April 18, 2006
Public Citizen Complaint Against Freddie Mac Lobbyist Results in Record Fine
Statement by Craig Holman, Legislative Representative for Public Citizen’s Congress Watch Division
Public Citizen hails the record-setting fine issued today by the Federal Election Commission (FEC) against the Federal Home Loan Mortgage Corporation (Freddie Mac) in response to Public Citizen’s 2003 complaint of campaign finance violations. Public Citizen filed the complaint against Robert Mitchell Delk, former lobbyist for Freddie Mac, with the FEC on October 15, 2003. The FEC issued its largest penalty ever in a civil enforcement action: $3.8 million.

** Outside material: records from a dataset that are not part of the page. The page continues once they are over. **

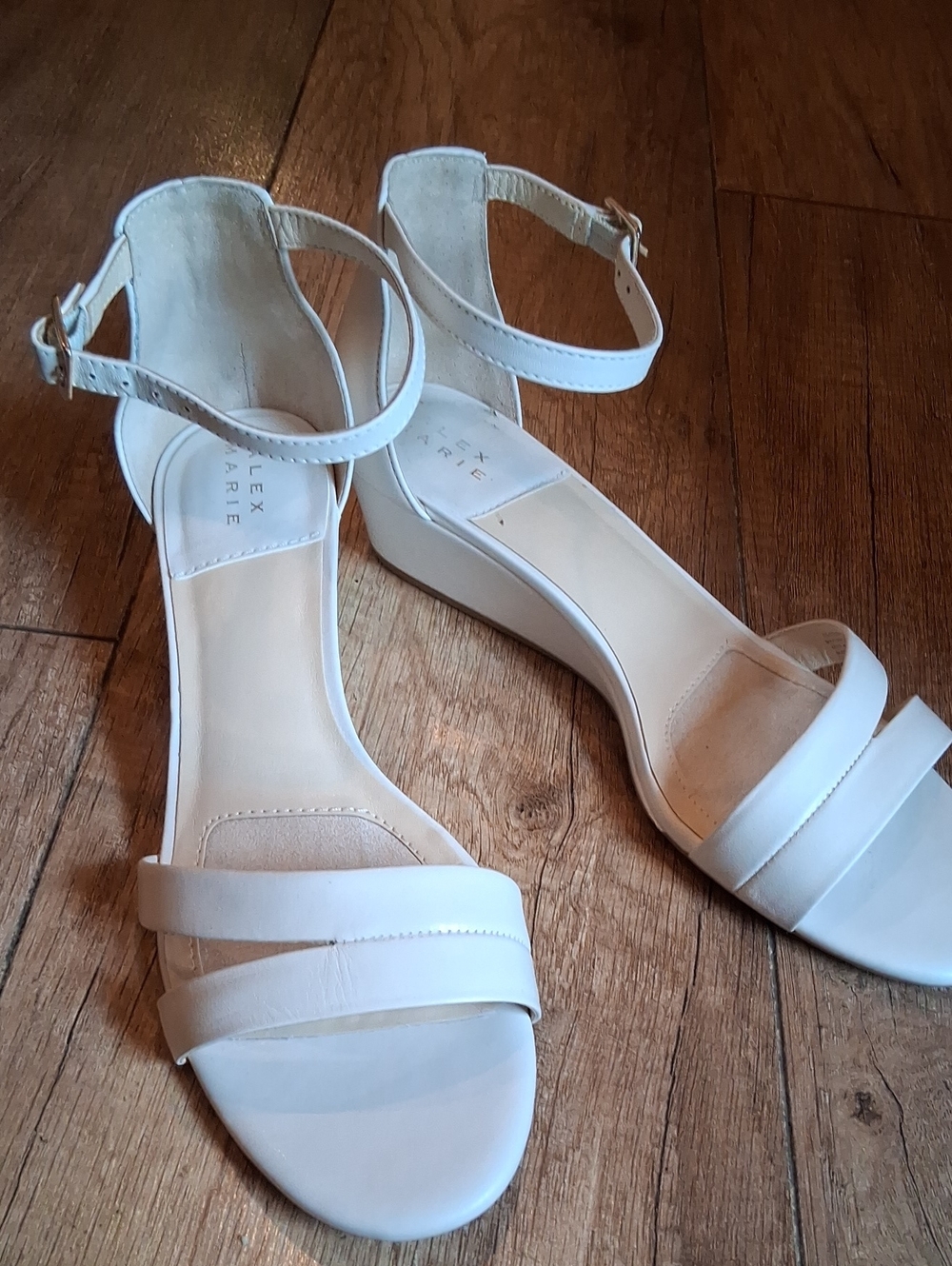 Alex Marie White Strappy Ankle-Wrap Wedge Sandals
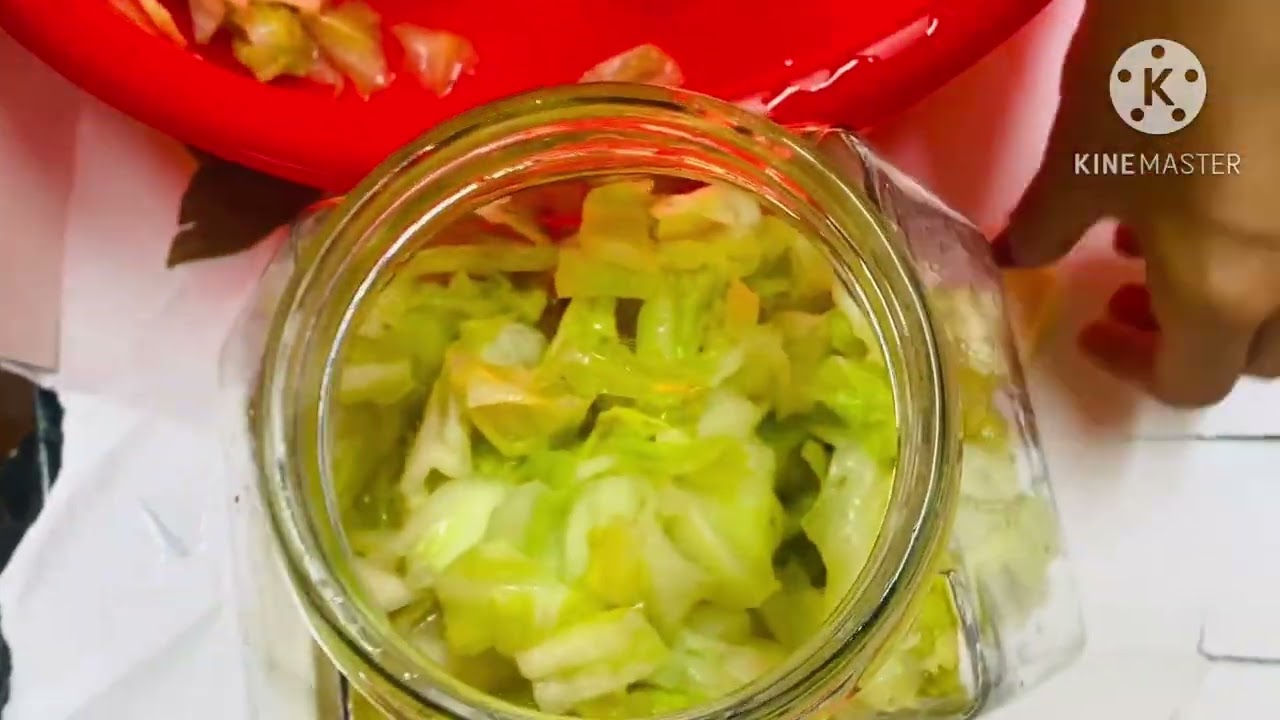 مخلل الكرنب 🥬🥦👍🏻تخليل الكرنب الصحي  الكرنب المخلل سر الوصفة مع شوشو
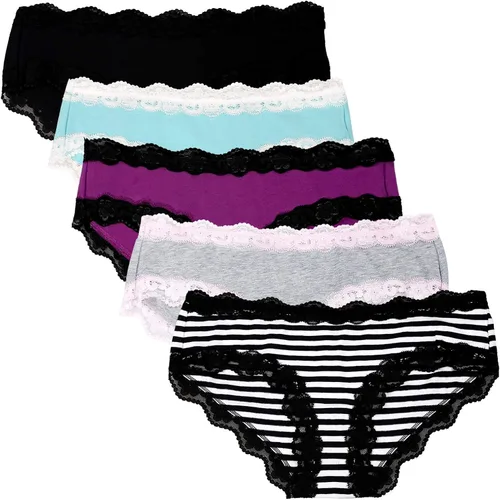 Miniatura 2 de LYYTHAVON bragas de algodón transpirables, ropa interior para mujeres, 5unidades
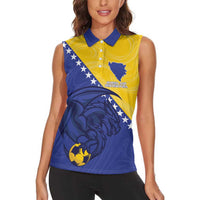 Custom Bosnia and Herzegovina Football 2026 Women Sleeveless Polo Shirt The Dragons Of Europe - Wonder Print Shop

The amount of the fine indicates the magnitude of the violations. The complaint came in the wake of an alarming number of lavish fundraisers hosted by Freddie Mac’s lobbyist – nearly half of which directly benefited lawmakers responsible for overseeing Freddie Mac and mortgage lending practices. During the 2002 election cycle, Delk hosted at least 45 fundraising events for lawmakers. More than half of these extravagant affairs featured Rep. Michael Oxley (R-Ohio), chair of the House Committee on Financial Services, which regulates mortgage loan practices, and at least 19 of these events were held directly for the benefit of lawmakers with oversight responsibilities for Freddie Mac.
While it is not illegal for lobbyists to host fundraising events for lawmakers whom they are trying to influence, it certainly raises the specter of corruption. The corrupting nexus between lobbyists, campaign cash and lawmakers is far more prevalent than just the practices of one or two shady lobbyists. Campaign fundraising by lobbyists – even constant, round-the-clock fundraising by lobbyists for those whom they lobby – is considered business as usual on Capitol Hill.
The complaint was based on the appearance that the numbers reported to the FEC by Delk did not add up. Delk’s personal in-kind contributions to the 45 events appeared to exceed his aggregate contribution limits. And the company enlisted to promote these fundraising events – Epiphany Productions, run by a former Republican Party official – routinely was not paid for its services. These possible violations of campaign finance law suggested by public records formed the basis of Public Citizen’s complaint.
All along, however, the shadow of Freddie Mac loomed. Public records available at the time of Public Citizen’s complaint did not prove that Freddie Mac was footing the bill illegally for these fundraising events, but a close FEC investigation of Freddie Mac’s finances and business practices led the commission to conclude that Freddie Mac used corporate resources to support Delk’s fundraisers, which is illegal. The corporation also solicited and forwarded contributions from its employees to federal candidates and contributed $150,000 to the Republican Governors Association, all in violation of federal law. Freddie Mac has admitted the latter violation and has agreed not to contest the rest, thus settling the case.
The action of the FEC to punish illegal corporate contributions to lawmakers is a great step in the right direction. But because in most cases such direct corporate involvement is difficult to prove, what is needed is a clear prohibition on lobbyists acting as fundraisers for federal candidates – whether on their “own time” or, as here, when on the corporate payroll.